_What the task requires:_
Look through the entries below, please, and copy every line with the word "Care".

☆ ☆ ☆ ☆ ☆ ☆ ☆

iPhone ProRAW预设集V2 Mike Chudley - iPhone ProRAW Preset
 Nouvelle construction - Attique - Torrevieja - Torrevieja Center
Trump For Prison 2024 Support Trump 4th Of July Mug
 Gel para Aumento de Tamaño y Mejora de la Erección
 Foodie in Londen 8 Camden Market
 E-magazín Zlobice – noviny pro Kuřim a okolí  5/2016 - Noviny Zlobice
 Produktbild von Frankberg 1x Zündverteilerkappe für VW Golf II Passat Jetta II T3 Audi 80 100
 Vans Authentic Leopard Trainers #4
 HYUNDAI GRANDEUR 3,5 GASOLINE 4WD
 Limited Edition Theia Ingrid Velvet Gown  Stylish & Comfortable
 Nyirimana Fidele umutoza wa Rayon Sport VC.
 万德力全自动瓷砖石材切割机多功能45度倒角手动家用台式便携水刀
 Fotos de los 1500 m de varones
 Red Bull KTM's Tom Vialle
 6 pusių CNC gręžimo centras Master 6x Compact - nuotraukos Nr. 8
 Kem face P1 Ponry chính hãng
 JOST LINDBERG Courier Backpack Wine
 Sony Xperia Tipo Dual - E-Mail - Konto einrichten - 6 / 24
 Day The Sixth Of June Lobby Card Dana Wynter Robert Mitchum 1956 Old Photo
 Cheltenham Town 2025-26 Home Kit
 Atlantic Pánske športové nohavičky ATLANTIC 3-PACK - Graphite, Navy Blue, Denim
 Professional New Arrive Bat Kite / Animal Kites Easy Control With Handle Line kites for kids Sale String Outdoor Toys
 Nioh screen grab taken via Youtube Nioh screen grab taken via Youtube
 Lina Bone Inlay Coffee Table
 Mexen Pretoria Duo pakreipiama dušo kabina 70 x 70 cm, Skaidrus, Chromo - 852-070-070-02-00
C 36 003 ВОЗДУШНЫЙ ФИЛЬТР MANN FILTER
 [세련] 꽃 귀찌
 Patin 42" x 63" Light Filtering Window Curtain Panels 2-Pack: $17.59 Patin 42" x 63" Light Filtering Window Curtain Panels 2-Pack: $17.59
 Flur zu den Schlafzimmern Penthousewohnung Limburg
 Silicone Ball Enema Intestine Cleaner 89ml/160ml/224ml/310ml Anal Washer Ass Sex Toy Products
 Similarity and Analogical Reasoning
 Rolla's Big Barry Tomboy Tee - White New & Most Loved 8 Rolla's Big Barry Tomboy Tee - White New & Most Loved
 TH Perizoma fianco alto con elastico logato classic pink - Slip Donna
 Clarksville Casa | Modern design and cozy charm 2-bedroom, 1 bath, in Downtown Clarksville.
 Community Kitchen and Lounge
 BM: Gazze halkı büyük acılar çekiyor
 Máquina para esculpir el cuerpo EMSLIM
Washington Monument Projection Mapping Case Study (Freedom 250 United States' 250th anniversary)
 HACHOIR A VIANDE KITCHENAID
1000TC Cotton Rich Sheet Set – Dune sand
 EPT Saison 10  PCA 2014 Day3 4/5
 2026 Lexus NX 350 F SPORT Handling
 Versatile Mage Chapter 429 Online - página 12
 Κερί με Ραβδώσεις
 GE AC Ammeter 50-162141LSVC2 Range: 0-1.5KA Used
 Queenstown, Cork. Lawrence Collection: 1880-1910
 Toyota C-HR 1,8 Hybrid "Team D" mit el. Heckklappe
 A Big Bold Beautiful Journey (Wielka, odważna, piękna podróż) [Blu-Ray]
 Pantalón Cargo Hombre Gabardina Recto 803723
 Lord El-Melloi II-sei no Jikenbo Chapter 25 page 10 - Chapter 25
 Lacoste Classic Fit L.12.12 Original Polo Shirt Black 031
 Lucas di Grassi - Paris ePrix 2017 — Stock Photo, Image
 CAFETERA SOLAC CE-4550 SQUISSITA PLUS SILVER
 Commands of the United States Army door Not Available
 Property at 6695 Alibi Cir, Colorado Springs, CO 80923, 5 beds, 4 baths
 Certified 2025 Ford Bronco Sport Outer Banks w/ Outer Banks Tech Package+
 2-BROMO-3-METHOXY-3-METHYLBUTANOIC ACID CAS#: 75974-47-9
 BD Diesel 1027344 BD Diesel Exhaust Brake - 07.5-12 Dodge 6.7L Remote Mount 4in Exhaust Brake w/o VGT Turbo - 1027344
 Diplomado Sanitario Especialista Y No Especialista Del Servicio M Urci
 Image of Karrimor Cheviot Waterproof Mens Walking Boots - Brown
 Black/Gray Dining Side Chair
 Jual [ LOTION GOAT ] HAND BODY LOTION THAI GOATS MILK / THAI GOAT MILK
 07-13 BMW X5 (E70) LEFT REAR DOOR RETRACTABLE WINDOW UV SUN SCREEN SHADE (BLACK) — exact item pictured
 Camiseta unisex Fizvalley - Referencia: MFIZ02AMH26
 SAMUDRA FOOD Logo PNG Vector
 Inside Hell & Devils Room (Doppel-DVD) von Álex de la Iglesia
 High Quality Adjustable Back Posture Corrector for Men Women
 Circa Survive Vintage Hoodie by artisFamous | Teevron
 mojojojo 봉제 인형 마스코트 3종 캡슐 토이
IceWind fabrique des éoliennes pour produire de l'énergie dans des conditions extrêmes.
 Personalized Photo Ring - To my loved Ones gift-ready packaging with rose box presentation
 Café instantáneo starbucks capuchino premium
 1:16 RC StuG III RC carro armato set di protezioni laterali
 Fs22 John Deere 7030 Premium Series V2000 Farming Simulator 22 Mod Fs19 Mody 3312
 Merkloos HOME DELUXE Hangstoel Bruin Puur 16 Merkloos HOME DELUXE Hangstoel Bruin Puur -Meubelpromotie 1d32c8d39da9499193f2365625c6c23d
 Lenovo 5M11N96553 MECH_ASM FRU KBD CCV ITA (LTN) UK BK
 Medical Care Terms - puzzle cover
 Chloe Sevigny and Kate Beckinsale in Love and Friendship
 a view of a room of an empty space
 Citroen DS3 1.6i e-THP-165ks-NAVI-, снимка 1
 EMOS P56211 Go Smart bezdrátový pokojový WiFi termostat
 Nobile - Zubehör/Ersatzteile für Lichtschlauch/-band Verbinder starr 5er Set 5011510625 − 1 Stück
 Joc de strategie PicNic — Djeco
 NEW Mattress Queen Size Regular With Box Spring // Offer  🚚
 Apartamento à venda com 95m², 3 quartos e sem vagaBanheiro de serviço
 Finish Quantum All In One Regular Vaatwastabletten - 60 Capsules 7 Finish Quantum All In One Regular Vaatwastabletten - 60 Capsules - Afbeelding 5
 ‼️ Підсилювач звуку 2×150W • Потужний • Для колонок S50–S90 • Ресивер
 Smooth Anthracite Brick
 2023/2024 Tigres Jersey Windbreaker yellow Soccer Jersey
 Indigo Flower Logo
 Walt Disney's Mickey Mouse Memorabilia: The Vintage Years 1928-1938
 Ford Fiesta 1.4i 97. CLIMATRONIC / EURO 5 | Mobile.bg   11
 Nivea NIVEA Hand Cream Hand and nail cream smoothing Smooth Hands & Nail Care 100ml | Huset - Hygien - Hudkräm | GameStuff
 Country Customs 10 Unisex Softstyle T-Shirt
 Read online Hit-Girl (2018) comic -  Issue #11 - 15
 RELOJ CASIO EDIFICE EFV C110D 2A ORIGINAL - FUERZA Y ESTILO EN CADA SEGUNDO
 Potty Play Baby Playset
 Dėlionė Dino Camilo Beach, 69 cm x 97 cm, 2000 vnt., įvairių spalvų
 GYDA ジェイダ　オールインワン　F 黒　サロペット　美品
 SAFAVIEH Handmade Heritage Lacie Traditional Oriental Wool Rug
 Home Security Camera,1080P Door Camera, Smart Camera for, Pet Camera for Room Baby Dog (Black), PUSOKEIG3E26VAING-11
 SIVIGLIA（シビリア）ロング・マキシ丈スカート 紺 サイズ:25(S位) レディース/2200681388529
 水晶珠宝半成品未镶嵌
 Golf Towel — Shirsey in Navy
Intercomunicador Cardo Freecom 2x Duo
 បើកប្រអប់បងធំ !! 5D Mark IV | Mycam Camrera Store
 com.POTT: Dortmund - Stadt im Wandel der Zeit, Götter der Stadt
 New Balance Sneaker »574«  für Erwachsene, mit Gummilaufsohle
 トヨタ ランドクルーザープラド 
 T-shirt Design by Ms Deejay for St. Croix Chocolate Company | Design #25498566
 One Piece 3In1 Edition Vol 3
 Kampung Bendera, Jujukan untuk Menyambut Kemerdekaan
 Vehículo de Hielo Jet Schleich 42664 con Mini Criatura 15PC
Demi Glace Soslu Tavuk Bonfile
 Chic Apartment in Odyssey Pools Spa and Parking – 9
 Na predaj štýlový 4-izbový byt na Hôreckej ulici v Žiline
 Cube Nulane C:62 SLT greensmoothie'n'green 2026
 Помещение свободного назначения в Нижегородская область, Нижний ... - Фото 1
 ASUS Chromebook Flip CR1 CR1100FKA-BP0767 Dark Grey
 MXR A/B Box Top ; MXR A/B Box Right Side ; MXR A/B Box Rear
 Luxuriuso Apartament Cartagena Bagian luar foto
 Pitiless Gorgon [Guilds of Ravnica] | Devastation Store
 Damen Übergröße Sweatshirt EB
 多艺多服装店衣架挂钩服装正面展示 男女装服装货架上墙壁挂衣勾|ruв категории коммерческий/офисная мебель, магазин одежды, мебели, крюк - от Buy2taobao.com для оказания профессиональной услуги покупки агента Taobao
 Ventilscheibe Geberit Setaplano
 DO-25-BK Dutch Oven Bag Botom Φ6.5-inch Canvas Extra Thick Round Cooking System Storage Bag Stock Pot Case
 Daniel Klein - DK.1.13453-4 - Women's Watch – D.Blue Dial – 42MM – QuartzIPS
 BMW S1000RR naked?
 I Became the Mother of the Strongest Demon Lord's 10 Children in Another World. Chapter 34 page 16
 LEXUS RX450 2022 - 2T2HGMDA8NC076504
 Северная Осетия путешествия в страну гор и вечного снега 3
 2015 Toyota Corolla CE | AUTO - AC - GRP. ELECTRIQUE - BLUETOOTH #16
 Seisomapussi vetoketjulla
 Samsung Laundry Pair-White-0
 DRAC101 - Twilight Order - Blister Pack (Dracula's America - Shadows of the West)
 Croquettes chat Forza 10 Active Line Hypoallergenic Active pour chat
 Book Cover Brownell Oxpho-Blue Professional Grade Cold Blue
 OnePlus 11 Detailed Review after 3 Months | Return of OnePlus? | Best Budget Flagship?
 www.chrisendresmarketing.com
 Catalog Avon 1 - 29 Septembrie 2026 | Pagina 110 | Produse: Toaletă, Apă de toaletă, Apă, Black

☆ ☆ ☆ ☆ ☆ ☆ ☆

_Answer section:_
 Medical Care Terms - puzzle cover
 Nivea NIVEA Hand Cream Hand and nail cream smoothing Smooth Hands & Nail Care 100ml | Huset - Hygien - Hudkräm | GameStuff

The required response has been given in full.